6. Relaxing LMR and adding transparency- or inaccessibility conditions?
(1) Irrationality = internal conflict that is transparent to the agent
(a) Transparency in virtue of explicit awareness?
Objection: far too narrow
(b) Transparency in virtue of implicit awareness?
Objection: Marker for implicit awareness – in contrast to not being aware – is that, in most
circumstances, becoming explicitly aware does not set off ‘automated’ mental processes. But for most
cases of irrationality, becoming explicitly aware of the conflict immediately sets off an automated
attitude revision.
(2) Irrationality = internal conflict that is accessible to the agent
Suppose a somewhat less imperfect mathematician reflects on the complex
inconsistent propositions, develops various hunches, sketches proofs and finally
understands that the previously held beliefs are inconsistent. Plausibly, there is some
time prior to reaching the eventual understanding such that the mathematician could
have made the next step earlier (if she had skipped a meal, say) and would have
reached the conclusion earlier if she had made the step earlier. Suppose the actual
conclusion was reached at t3 because the mathematician started reasoning at t2 but
could have been reached at t2 if the mathematician had started reasoning at t1. In that
case, it is true at t2 (at the latest) that the agent would have ‘seen’ the incompatibility
if she had thought about it, and that she actually had the incompatible beliefs.
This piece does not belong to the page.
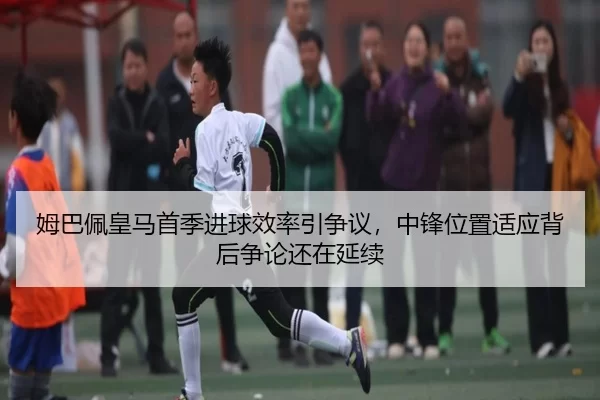 mu-ba-pei-huang-ma-shou-ji-jin-qiu-xiao-lv-yin-zheng-yi-zhong-feng-wei-zhi-shi-ying-bei-hou-zheng-lun-hai-zai-yan-xu-2-495.jpg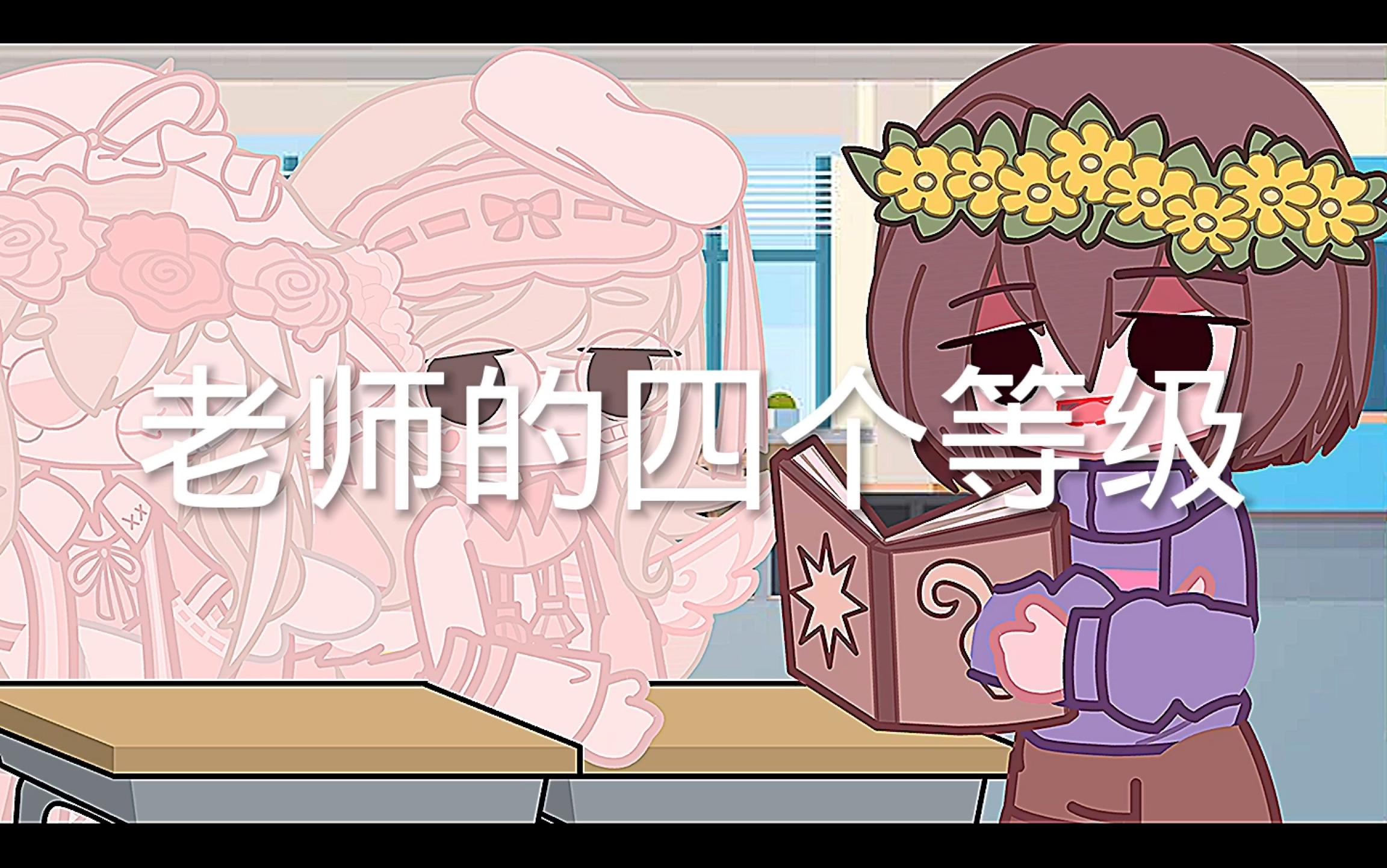 老师的四个等级哔哩哔哩bilibili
Consequently, at t2 – before the mathematician actually comes up with the brilliant
proof – the mathematician is irrational, whereas before t2, she was not.
 General upshot: That an agent has the ability to recognize a very complex inconsistency does not
mean that she exercises that ability; and if she does not, and does not seem as if the mere fact that
she had the ability to recognize a very complex inconsistency suffices to make her complexly
inconsistent beliefs irrational.
Irrationality = mental conflict that could have been avoided by a specific kind of reasoning?
Idea: Being irrational is being in a standpoint-conflict that would have been avoided if one had
engaged in a very rudimentary form of reasoning, i.e. something like automated belief-updating.
Problem 1: Specifying the right kind of mental process is not easy
Problem 2: Whether there is a specific kind of reasoning that has the power to safeguard against
mental conflict seems to be an empirical question.
Problem 3: The resulting account looks hideously gerrymandered; in particular, whether one is
irrational at a time would turn out depend on a combination of one’s mental states at that time and
one’s mental processes at earlier times.